TASK INPUT section start
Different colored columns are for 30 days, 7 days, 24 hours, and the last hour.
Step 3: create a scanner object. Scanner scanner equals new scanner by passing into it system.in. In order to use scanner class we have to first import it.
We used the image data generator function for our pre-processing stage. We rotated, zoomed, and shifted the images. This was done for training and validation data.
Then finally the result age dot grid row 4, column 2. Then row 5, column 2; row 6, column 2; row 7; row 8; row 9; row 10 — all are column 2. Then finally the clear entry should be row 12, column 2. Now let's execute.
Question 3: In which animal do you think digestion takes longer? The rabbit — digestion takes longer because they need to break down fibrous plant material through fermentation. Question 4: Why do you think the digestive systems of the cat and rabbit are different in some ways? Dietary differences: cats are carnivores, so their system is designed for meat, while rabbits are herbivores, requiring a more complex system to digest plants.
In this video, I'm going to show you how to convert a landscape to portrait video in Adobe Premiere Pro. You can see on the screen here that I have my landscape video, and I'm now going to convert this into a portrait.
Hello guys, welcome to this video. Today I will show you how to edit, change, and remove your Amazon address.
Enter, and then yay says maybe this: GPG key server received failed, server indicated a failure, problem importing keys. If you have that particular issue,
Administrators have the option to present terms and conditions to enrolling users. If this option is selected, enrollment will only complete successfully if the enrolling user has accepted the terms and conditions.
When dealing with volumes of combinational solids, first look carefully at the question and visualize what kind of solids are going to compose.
TASK INPUT section end
TASK INPUT section start
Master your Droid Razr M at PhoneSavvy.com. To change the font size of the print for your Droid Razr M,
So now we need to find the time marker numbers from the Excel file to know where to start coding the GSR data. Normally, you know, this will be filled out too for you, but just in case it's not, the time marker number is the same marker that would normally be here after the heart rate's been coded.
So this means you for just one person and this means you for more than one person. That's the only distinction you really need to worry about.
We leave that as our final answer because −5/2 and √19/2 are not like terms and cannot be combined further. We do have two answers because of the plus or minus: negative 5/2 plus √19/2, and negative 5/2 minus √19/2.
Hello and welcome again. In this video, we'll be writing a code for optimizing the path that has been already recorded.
TASK INPUT section end
▸ EXERCISE:
What are the lines, exactly as written above, from the line with "Question 3: In" to the line with "Enter, and then", both included? Output only those.

▸ RESPONSE TO THE EXERCISE:
Question 3: In which animal do you think digestion takes longer? The rabbit — digestion takes longer because they need to break down fibrous plant material through fermentation. Question 4: Why do you think the digestive systems of the cat and rabbit are different in some ways? Dietary differences: cats are carnivores, so their system is designed for meat, while rabbits are herbivores, requiring a more complex system to digest plants.
In this video, I'm going to show you how to convert a landscape to portrait video in Adobe Premiere Pro. You can see on the screen here that I have my landscape video, and I'm now going to convert this into a portrait.
Hello guys, welcome to this video. Today I will show you how to edit, change, and remove your Amazon address.
Enter, and then yay says maybe this: GPG key server received failed, server indicated a failure, problem importing keys. If you have that particular issue,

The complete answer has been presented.